Plusieurs villes américaines, dont Chicago, Los Angeles et Baltimore, n'ont pas attendu les recommandations de l'administration Obama pour remettre en question le concept de tolérance zéro.

À New York, la question de la discrimination raciale a également pesé dans la décision du nouveau maire de réformer le stop-and-frisk. Cette pratique policière, découlant du concept de tolérance zéro, permet aux policiers de contrôler, palper et fouiller toute personne «raisonnablement» soupçonnée d'avoir commis ou d'être sur le point de commettre un crime.

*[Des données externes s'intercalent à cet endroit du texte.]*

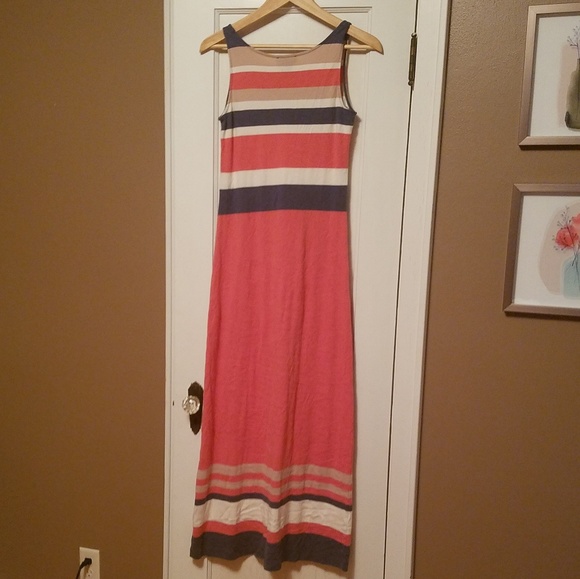 Striped Coral, Blue, and Tan Maxi Dress - Picture 2 of 3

Or, contrairement à son prédécesseur, Bill de Blasio ne croit pas que le stop-and-frisk, tel que pratiqué par le NYPD, ait joué un rôle déterminant dans la chute spectaculaire de la criminalité à New York. À son avis, cette approche a tout au plus servi à justifier un profilage incompatible avec certains droits garantis aux minorités par la Constitution américaine.

L'ironie veut que le nouveau chef de police de New York, Bill Bratton, ait été un apôtre de la tolérance zéro dans les années 90. Aujourd'hui, il se dit en parfait accord avec l'approche de Bill de Blasio.

«Nous n'enfreindrons pas la loi pour appliquer la loi», a-t-il déclaré la semaine dernière lors d'une conférence de presse où il a enterré avec le nouveau maire de New York le stop-and-frisk tel que pratiqué sous Michael Bloomberg.